花の都フィレンツェや中世都市シエナの伝統料理にはアンチョビの塩漬けを使うレシピが見られます。海から遠く離れた内陸部なのに、なぜ海の恵みを隠し味に? その謎に迫ります。
メディチ家と自由港リヴォルノ
アンチョビをはじめとする魚の塩漬けは古代ローマ時代から存在していたといわれます。しかしトスカーナの内陸に魚が広く流通したのは16世紀後半になってからのことでした。背景には、かのメディチ家があります。彼らが支配するトスカーナ大公国は1571年、経済振興の一環として港町リヴォルノを自由港とします。続く1590年代に公布した、その名も「リヴォルノ法」では、外国人商人を含む移住者に対し、税の優遇や商業特権を与えました。

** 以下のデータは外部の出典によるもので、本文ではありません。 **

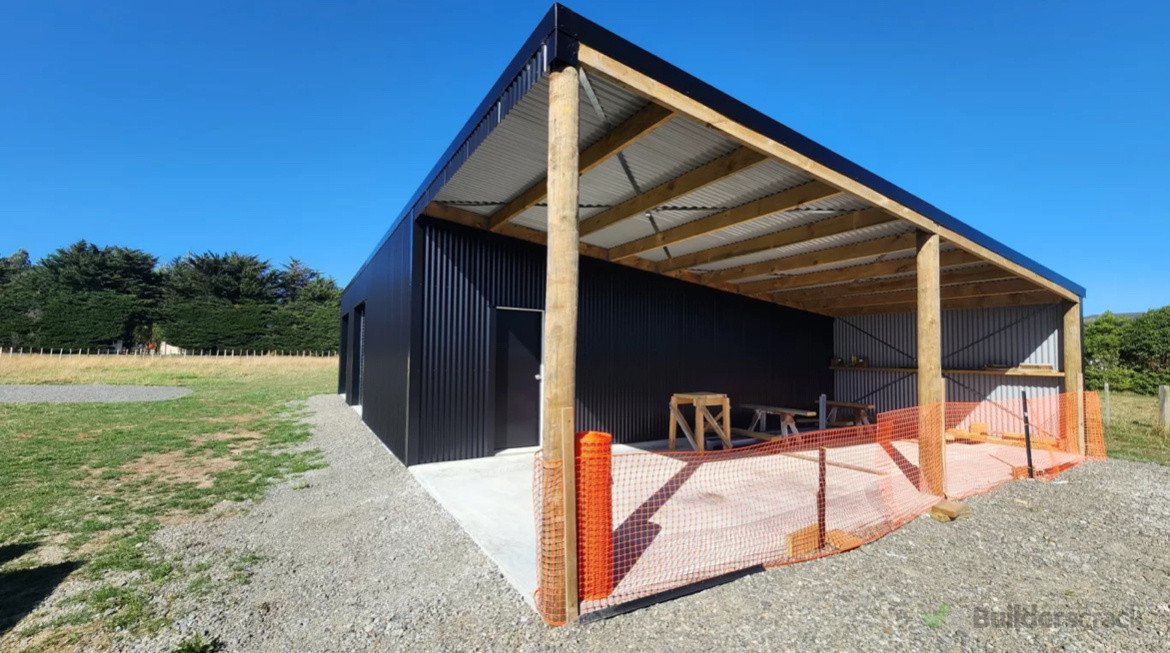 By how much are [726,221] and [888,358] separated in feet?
22.6

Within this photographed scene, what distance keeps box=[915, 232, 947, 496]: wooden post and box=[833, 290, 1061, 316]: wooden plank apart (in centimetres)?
419

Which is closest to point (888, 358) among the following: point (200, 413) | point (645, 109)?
point (645, 109)

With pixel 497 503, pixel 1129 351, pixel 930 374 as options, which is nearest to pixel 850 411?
pixel 930 374

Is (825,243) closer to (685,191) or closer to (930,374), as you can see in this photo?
(930,374)

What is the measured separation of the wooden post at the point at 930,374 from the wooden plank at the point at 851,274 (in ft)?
4.78

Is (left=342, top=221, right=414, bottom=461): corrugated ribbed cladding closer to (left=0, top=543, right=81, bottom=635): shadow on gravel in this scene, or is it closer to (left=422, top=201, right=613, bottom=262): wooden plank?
(left=422, top=201, right=613, bottom=262): wooden plank

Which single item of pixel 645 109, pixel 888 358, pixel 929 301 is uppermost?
pixel 645 109

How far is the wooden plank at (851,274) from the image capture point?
6.42 metres

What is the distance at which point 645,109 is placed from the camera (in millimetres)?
3531

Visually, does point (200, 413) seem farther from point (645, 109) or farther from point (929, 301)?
point (929, 301)

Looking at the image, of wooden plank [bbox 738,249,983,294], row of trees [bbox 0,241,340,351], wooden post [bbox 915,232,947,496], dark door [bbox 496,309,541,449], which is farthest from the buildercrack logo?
row of trees [bbox 0,241,340,351]

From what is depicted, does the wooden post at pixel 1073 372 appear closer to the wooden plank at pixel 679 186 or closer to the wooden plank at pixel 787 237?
the wooden plank at pixel 787 237

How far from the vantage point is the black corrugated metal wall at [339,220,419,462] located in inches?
228

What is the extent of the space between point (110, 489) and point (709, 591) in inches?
216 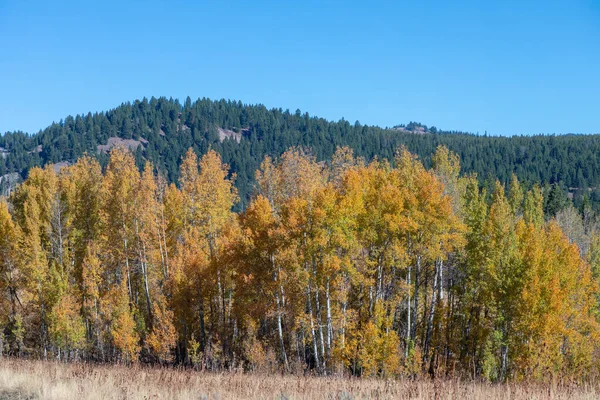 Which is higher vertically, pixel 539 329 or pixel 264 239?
pixel 264 239

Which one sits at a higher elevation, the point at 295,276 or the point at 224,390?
the point at 224,390

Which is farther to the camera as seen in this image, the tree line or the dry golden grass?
the tree line

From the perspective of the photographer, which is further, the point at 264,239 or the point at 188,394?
the point at 264,239

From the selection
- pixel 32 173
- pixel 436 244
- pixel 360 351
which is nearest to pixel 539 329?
pixel 436 244

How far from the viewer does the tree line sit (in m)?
28.1

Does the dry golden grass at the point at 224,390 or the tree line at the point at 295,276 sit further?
the tree line at the point at 295,276

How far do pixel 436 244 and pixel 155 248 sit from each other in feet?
70.0

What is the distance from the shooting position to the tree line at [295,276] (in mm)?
28078

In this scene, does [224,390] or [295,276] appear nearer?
[224,390]

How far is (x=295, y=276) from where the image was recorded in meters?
28.3

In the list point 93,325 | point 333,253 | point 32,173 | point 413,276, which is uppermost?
point 32,173

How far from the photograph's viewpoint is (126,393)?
8.64m

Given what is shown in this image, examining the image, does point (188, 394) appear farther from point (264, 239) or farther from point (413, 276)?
point (413, 276)

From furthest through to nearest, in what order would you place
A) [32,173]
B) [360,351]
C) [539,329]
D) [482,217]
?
[32,173] → [482,217] → [539,329] → [360,351]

この寛容な政策により、港は塩や魚介類をはじめ多様な商品を扱う港湾都市へと急成長を遂げました。
塩の潤沢な供給で長期保存が可能になった魚は、従来鮮魚の入手が困難だったフィレンツェをはじめとする内陸都市で活発に流通するようになりました。

保存食から「旨味の調味料」へ
塩漬けアンチョビに関していえば17世紀頃、リヴォルノから運河や馬車で定期的に内陸に運ぶ流通網が形成されたと考えられています。結果として新たなタンパク源としてトスカーナ料理に欠かせない存在となっていきました。
それまでのトスカーナの料理は豆や野菜を中心とした質素なもので、パンにさえ塩を加えないのが伝統でした。そうしたなかでアンチョビは保存食としての役目を超え、その塩味と深い旨味が料理に立体感をもたらす調味料にもなったのでした。
隠し味として使われている好例は、パセリやケッパーと合わせた「サルサ・ヴェルデ salsa verde」や、前菜の定番「鶏レバーのクロスティーニ crostini di fegato」です。いずれも、アンチョビはほんの少量にもかかわらず、深いコクを与えるのに貢献しています。


「チューブ入り」という革命
19世紀になるとアンチョビに革命的変化がもたらされます。その立役者は1865年、フィレンツェのバレーナ Balena社で、それまで樽や瓶詰めで流通していたアンチョビをチューブに詰める方法を考案しました。
メリットは大きなものでした。必要な分だけを絞り出せることで酸化しにくく、風味が長持ちするようになったのです。加えて、それまでのように料理する人が乳鉢で潰す手間も必要ありません。味が決まらないときにひと絞りするだけで旨味と香りを演出できることから、家庭だけでなくプロ料理人からも支持を集めるようになりました。
ちなみにBalenaとはイタリア語でクジラを意味します。一見海への敬意を感じさせるネーミングですが、実は創業者フランチェスコ・バレーナのファミリーネームです。

150年以上変わらぬ「本物の味」
バレーナのアンチョビ・ペーストが今日も高く評価されている理由は、徹底した伝統的製法にあります。原材料はアンチョビと塩のみ。最低6か月以上、ときには1年近く熟成させることで、熟成チーズにもたとえられるほど芳醇なアミノ酸由来の味わいが引き出されます。
近年は白トリュフ風味の新商品も発売されました。フライパンで、このペースト、無塩バター、パスタのゆで汁少々を混ぜて乳化させたあと、茹で上がったパスタに和えれば、アンチョビと芳醇なトリュフの香りが絡み合ったひと皿が瞬く間にできあがります。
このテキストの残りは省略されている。